About this exercise: Pictures are to be left out, and only the lines from the one containing "梦见小孩往水井里扔东西" through the last line of the data are to be returned exactly.

Input data:

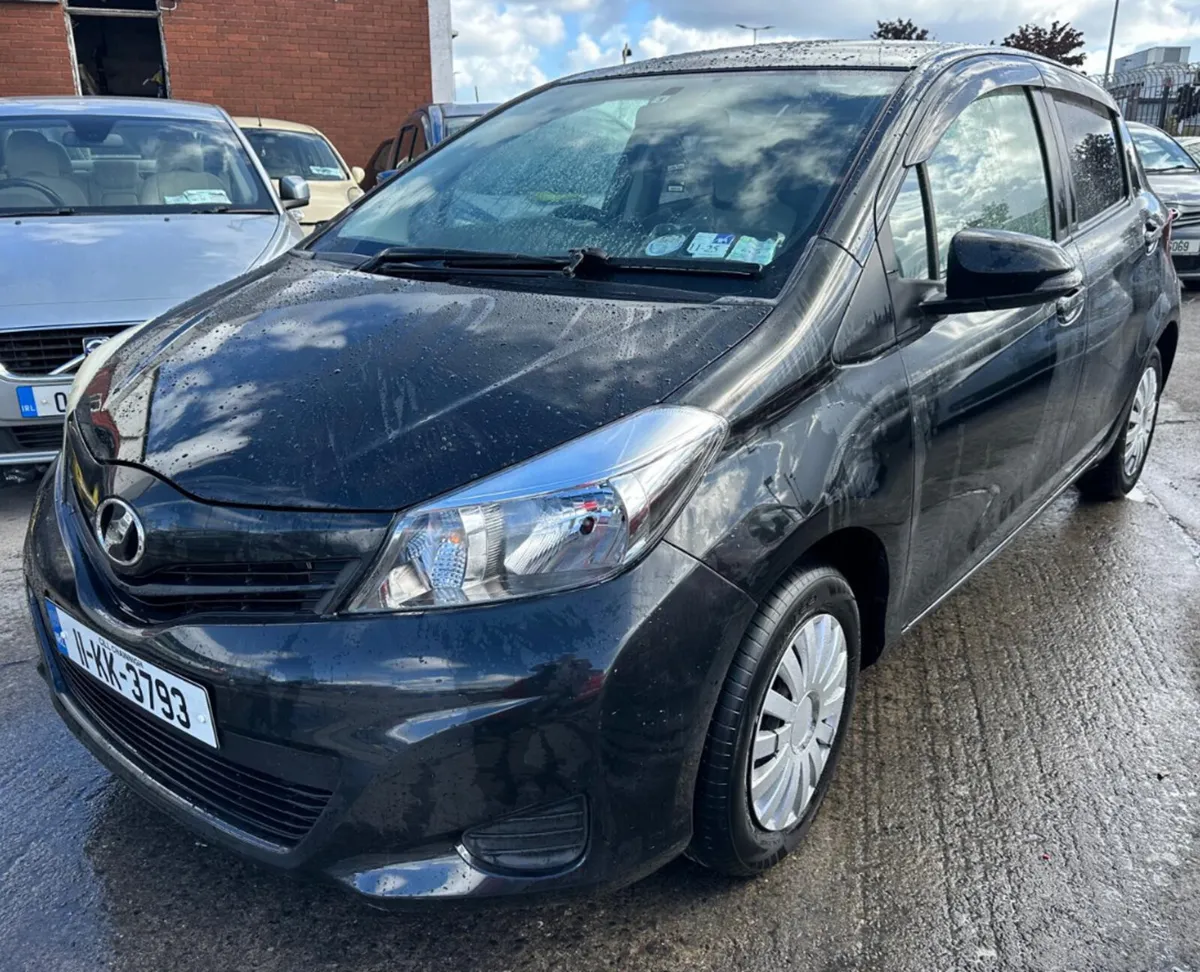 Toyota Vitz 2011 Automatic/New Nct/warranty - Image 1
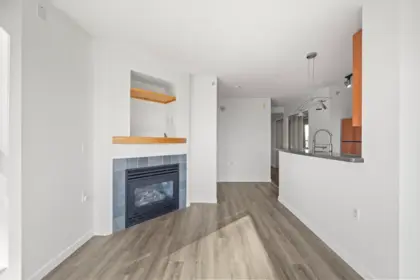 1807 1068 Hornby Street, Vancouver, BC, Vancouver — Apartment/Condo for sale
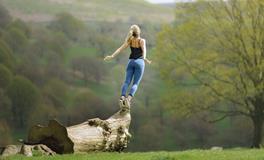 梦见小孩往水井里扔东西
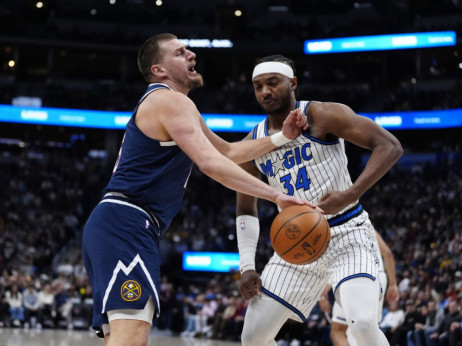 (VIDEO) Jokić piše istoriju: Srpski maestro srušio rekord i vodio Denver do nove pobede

Finished task:
 梦见小孩往水井里扔东西
 (VIDEO) Jokić piše istoriju: Srpski maestro srušio rekord i vodio Denver do nove pobede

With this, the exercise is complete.